Each line of data below must be printed exactly as written, with any pictures removed.

§ **MATERIAL PROVIDED**
== Segment start ==

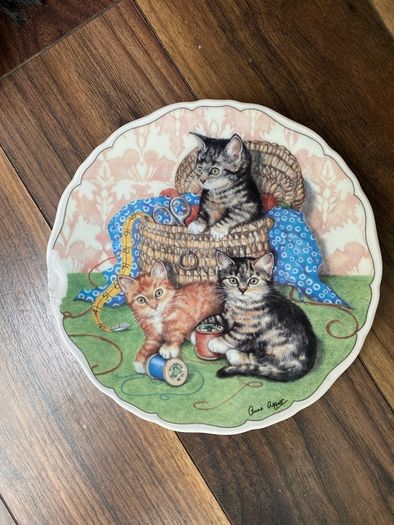 Plates cats at Play Anne Aggette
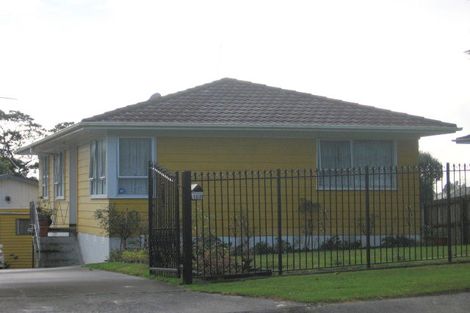 Photo of property in 102 Reynella Drive, Massey, Auckland, 0614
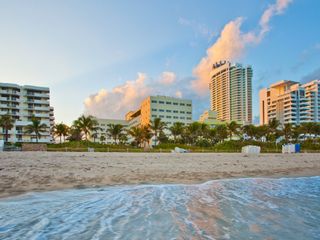 Фото отеля Holiday Inn Miami Beach-Oceanfront, an IHG Hotel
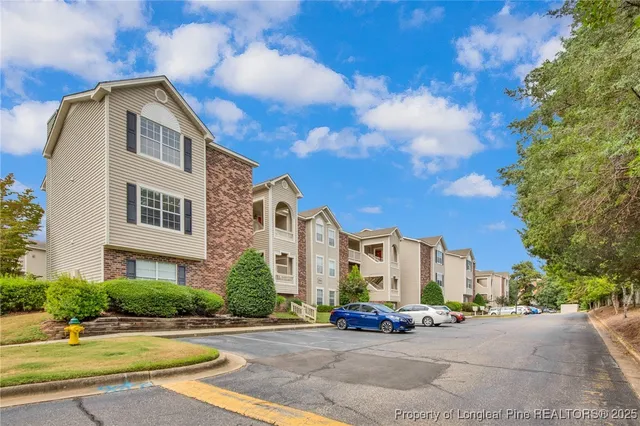 $134,900 | 2701 Preston Woods Lane, Unit 9, Fayetteville, NC 28304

== Segment end ==

§ **WRITTEN SOLUTION**
 Plates cats at Play Anne Aggette
 Photo of property in 102 Reynella Drive, Massey, Auckland, 0614
 Фото отеля Holiday Inn Miami Beach-Oceanfront, an IHG Hotel
 $134,900 | 2701 Preston Woods Lane, Unit 9, Fayetteville, NC 28304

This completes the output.